* Required work *
From the first line to the last, restate the material word for word, omitting pictures.

* Dataset excerpt *

_ _ _ _ _

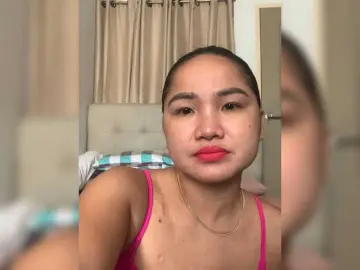 Bongacams Live Sex Cam of Wildrose01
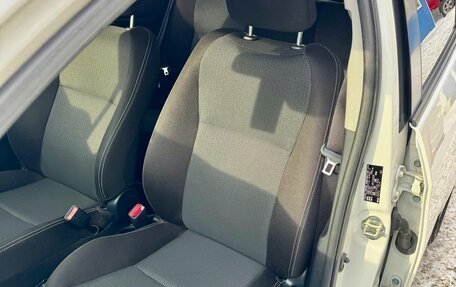 Toyota Vitz, 2019 год, 1 099 000 рублей, 19 фотография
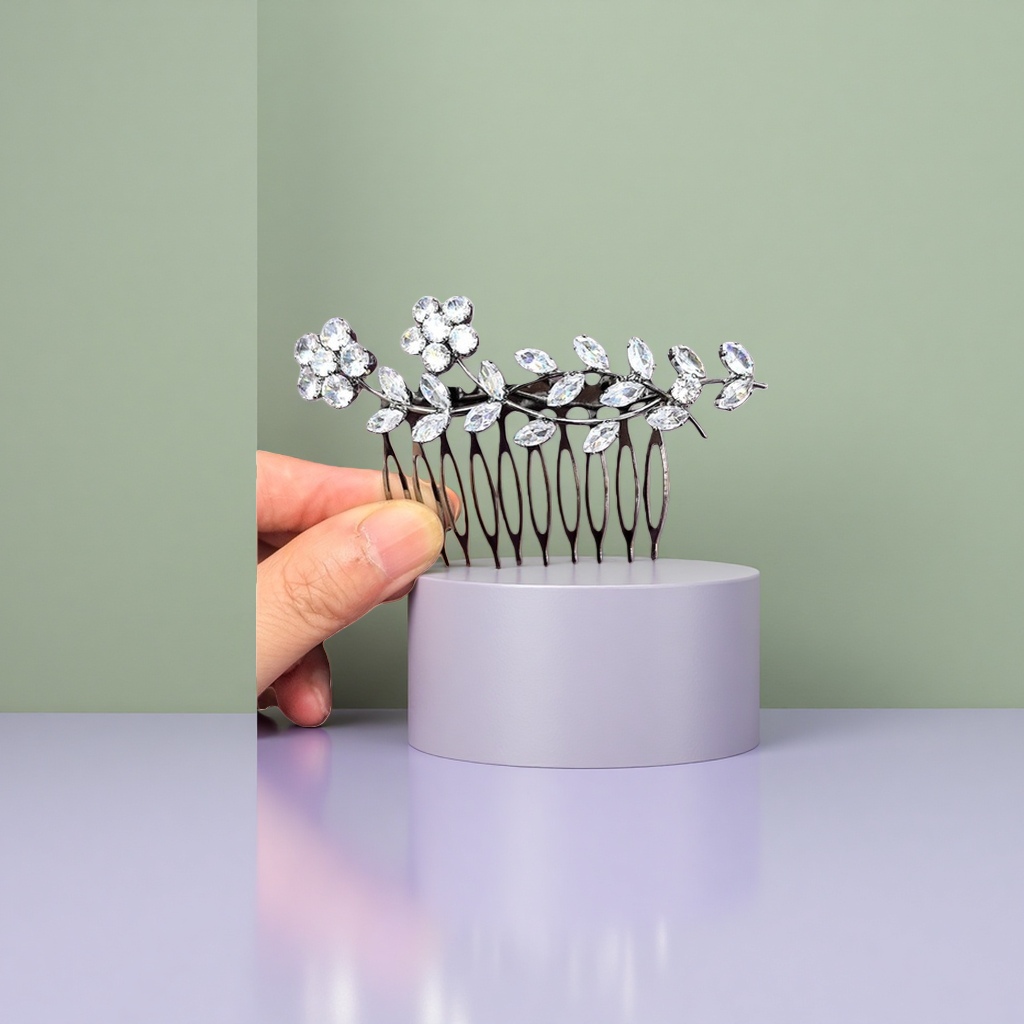 Diamond-encrusted flower hair comb, a fashionable and elegant lady's hair accessory with a metallic texture Specification image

_ _ _ _ _

* Problem solution *
 Bongacams Live Sex Cam of Wildrose01
 Toyota Vitz, 2019 год, 1 099 000 рублей, 19 фотография
 Diamond-encrusted flower hair comb, a fashionable and elegant lady's hair accessory with a metallic texture Specification image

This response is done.